La première consiste dans l’utilité de prendre davantage conscience que l’on ne peut impunément faire usage des diverses catégories d’êtres, vivants ou inanimés – animaux, plantes, éléments naturels – comme on le veut, en fonction de ses propres besoins économiques. Il faut au contraire tenir compte de la nature de chaque être et de ses liens mutuels dans un système ordonné, qui est le cosmos.
La deuxième considération se fonde, elle, sur la constation, qui s’impose de plus en plus peut-on dire, du caractère limité des ressources naturelles, certaines d’entre elles n’étant pas renouvelables, comme on dit. Les utiliser comme si elles étaient inépuisables, avec une domination absolue, met sérieusement en danger leur disponibilité non seulement pour la génération présente mais surtout pour celles de l’avenir.

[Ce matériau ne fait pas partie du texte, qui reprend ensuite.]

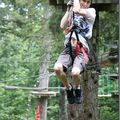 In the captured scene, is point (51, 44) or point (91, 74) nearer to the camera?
point (91, 74)

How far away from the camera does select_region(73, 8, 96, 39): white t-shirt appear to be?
3629 millimetres

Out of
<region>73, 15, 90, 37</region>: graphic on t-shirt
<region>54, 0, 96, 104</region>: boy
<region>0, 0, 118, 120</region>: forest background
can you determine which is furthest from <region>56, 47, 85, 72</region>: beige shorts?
<region>0, 0, 118, 120</region>: forest background

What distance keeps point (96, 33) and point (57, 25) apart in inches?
33.9

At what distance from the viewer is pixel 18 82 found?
67.7ft

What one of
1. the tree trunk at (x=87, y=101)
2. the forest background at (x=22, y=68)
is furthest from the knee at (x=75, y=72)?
the forest background at (x=22, y=68)

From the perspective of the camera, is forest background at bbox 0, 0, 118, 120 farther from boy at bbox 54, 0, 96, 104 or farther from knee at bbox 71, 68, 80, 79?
knee at bbox 71, 68, 80, 79

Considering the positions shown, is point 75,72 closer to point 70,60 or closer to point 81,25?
point 70,60

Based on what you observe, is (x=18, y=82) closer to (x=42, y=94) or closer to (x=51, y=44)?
(x=42, y=94)

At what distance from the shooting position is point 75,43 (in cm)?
362

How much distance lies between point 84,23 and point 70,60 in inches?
12.5

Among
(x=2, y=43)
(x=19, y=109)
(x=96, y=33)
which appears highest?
(x=2, y=43)

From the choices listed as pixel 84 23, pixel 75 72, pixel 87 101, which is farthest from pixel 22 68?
pixel 75 72

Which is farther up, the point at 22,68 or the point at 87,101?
the point at 22,68

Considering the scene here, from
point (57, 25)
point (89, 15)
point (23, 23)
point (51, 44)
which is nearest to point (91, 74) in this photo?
point (57, 25) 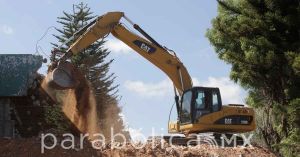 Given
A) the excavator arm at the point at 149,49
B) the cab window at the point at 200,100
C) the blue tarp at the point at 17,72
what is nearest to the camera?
the blue tarp at the point at 17,72

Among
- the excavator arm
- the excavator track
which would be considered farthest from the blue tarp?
the excavator track

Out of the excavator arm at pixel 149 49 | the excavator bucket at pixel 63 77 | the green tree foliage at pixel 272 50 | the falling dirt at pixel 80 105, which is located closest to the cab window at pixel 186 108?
the excavator arm at pixel 149 49

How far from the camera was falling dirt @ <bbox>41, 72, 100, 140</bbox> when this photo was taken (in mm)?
16219

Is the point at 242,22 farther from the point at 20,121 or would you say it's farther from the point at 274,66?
the point at 20,121

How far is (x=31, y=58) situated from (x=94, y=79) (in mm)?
18231

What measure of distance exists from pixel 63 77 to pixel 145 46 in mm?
3543

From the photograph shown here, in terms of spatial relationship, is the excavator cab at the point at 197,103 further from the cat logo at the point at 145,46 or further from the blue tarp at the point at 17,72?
the blue tarp at the point at 17,72

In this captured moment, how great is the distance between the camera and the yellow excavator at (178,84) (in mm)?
15828

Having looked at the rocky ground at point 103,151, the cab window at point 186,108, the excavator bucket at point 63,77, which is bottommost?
the rocky ground at point 103,151

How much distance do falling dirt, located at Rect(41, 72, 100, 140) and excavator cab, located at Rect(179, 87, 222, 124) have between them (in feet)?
9.17

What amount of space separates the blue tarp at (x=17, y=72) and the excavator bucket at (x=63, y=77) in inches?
50.4

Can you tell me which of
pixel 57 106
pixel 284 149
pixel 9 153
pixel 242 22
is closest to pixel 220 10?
pixel 242 22

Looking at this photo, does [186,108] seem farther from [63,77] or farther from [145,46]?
[63,77]

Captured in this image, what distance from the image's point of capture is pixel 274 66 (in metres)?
19.0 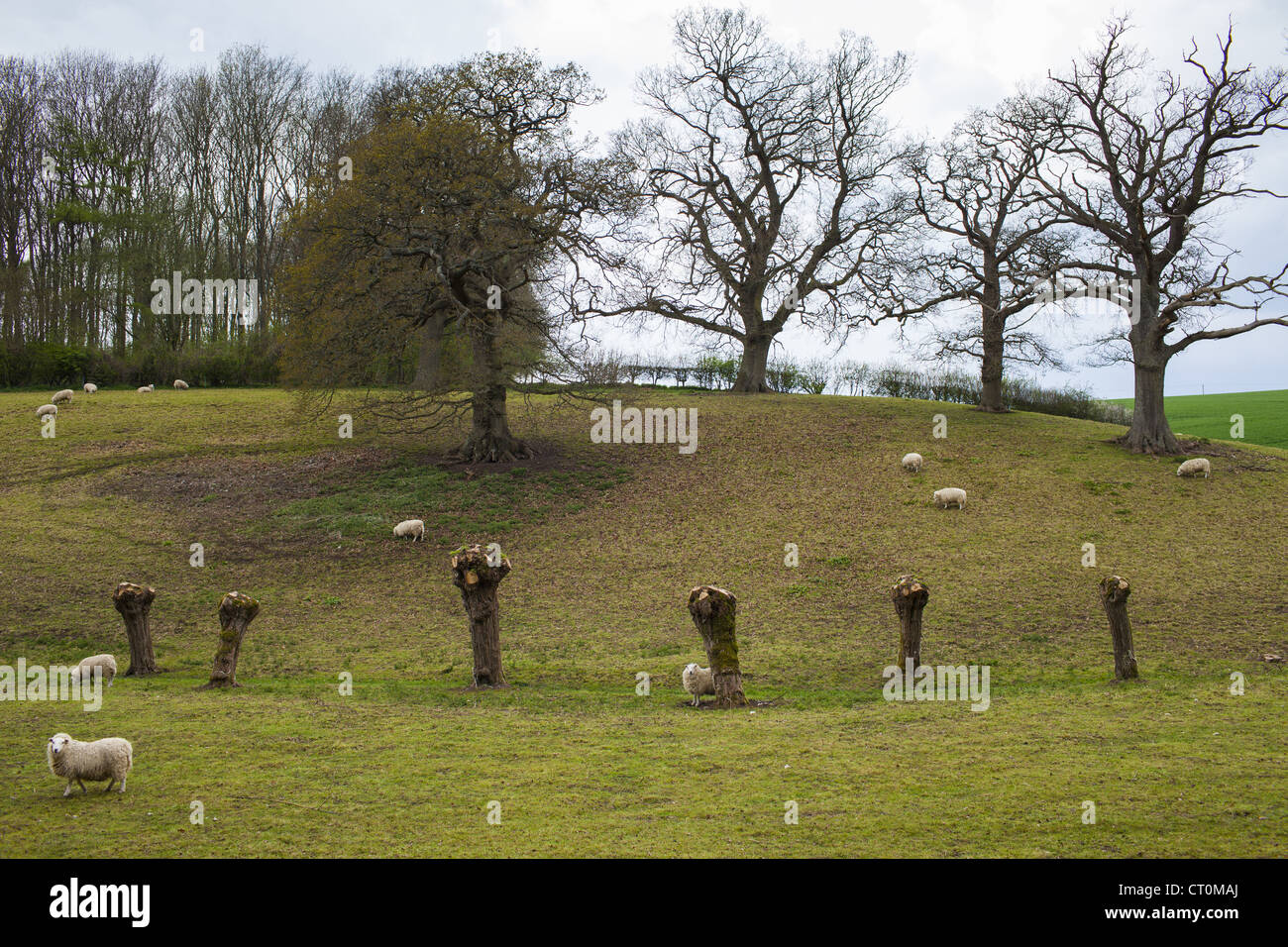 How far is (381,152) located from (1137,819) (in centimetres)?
2726

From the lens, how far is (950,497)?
27406 millimetres

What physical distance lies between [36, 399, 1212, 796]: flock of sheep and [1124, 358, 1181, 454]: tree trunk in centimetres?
1004

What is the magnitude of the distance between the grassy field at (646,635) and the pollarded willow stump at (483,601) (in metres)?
0.71

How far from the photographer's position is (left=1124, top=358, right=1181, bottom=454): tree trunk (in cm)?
3294

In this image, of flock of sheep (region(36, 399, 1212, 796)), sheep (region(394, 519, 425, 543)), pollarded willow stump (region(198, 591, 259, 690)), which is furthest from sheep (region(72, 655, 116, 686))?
sheep (region(394, 519, 425, 543))

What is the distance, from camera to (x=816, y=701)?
46.0ft

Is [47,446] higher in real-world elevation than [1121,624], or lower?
higher

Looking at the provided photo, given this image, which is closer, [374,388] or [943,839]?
[943,839]

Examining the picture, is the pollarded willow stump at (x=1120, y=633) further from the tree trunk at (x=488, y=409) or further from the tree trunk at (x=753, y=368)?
the tree trunk at (x=753, y=368)

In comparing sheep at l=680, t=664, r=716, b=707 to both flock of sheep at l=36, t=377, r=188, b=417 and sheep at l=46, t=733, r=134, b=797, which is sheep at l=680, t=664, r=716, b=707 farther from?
flock of sheep at l=36, t=377, r=188, b=417

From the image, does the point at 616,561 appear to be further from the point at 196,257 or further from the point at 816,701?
the point at 196,257

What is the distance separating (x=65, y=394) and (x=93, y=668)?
29.0 m

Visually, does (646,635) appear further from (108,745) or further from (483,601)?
(108,745)

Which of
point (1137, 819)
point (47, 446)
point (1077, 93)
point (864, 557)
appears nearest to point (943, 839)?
point (1137, 819) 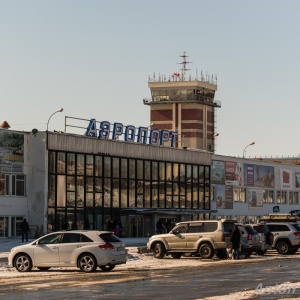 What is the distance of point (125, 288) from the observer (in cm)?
2505

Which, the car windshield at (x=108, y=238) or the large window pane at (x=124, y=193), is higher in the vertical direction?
the large window pane at (x=124, y=193)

La troisième considération se rapporte directement aux conséquences qu’a un certain type de développement sur la qualité de la vie dans les zones industrialisées. Nous savons tous que l’industrialisation a toujours plus fréquemment pour effet, direct ou indirect, la contamination de l’environnement, avec de graves conséquences pour la santé de la population.
Encore une fois, il est évident que le développement, la volonté de planification qui le guide, l’usage des ressources et la manière de les utiliser, ne peuvent pas être séparés du respect des exigences morales. L’une de celles-ci impose sans aucun doute des limites à l’usage de la nature visible. La domination accordée par le Créateur à l’homme n’est pas un pouvoir absolu, et l’on ne peut parler de liberté «d’user et d’abuser», ou de disposer des choses comme on l’entend. La limitation imposée par le Créateur lui-même dès le commencement, et exprimée symboliquement par l’interdiction de «manger le fruit de l’arbre» (cf. Gn 2, 16-17), montre avec suffisamment de clarté que, dans le cadre de la nature visible, nous sommes soumis à des lois non seulement biologiques mais aussi morales, que l’on ne peut transgresser impunément.
Une juste conception du développement ne peut faire abstraction de ces considérations – relatives à l’usage des éléments de la nature, au renouvellement des ressources et aux conséquences d’une industrialisation désordonnée – qui proposent encore une fois à notre conscience la dimension morale par laquelle se distingue le développement.